Von Christoph Pengel

Freital. Auf das Krachen folgt Stille. Nur ein paar Sekunden lang. Dann lädt sich die Luft mit Panik auf, Wimmern und Geschrei machen sich breit. Am unbeschrankten Bahnübergang Kesselsdorf hat sich ein Omnibus in die Flanke einer Schmalspurbahn-Lok gegraben. An Bord des Busses: 49 Menschen, darunter eine Gruppe von Kindern aus dem erzgebirgischen Marienberg. Der Lokführer springt vom Zug und rennt weg. Sein Kollege, der Heizer der Lok, bleibt. Er und ein Traktorfahrer versuchen, Erste Hilfe zu leisten. Dennoch sterben zwei Menschen, etliche verletzen sich teils schwer. Ein Junge verliert an diesem Tag seinen Daumen.
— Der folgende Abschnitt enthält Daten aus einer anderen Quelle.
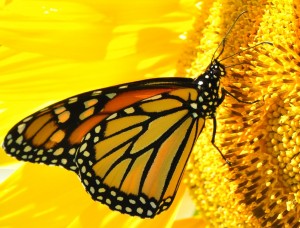9.4 -- Sept Monarch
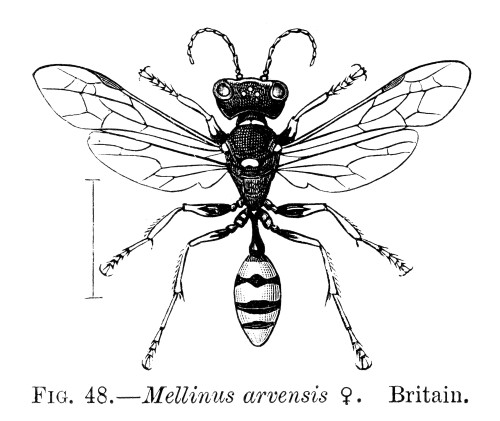 Insects: Wasps. /Nfemale Field Digger Wasp (Mellinus Arvensis). Poster Print by Granger Collection - Item # VARGRC0074320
Diese Meldung erschien am 15.Juli 1965 in der Tageszeitung.
Diese Meldung erschien am 15.Juli 1965 in der Tageszeitung. © Archiv

So erzählt Alexander Wansky von dem Unfall in Kesselsdorf, der sich vor 52 Jahren ereignete. Dabei beruft er sich auf Erinnerungen seines verstorbenen Vaters Christian Wansky. Der arbeitete an diesem Tag, dem 13. Juli 1965, als Heizer auf der Lok. Er war regelmäßig auf der Strecke unterwegs. „Der Unfall hat ihn noch lange beschäftigt.“

Für den Museologen Peter Wunderwald ist Christian Wansky eine wichtige Quelle. Wunderwald will ein Buch über Unfälle mit Schmalspurbahnen schreiben. Es wird nicht sein erstes Werk auf dem Gebiet der Verkehrsgeschichte. „Auf schmaler Spur unterwegs in der DDR“ lautet einer der älteren Titel, etliche weitere folgten. Nun sammelt er Bilder und Hinweise zu Unfällen im ehemaligen Schmalspurbahnnetz Sachsens. Was schwierig ist, weil der Unfall wohl nicht in das Weltbild der DDR-Führung passte. Wunderwald erzählt, dass ein Zeuge, der ein Foto von den zerstörten Fahrzeugen gemacht hatte, von Beamten vor Ort gezwungen worden sei, die Filmrolle herzugeben.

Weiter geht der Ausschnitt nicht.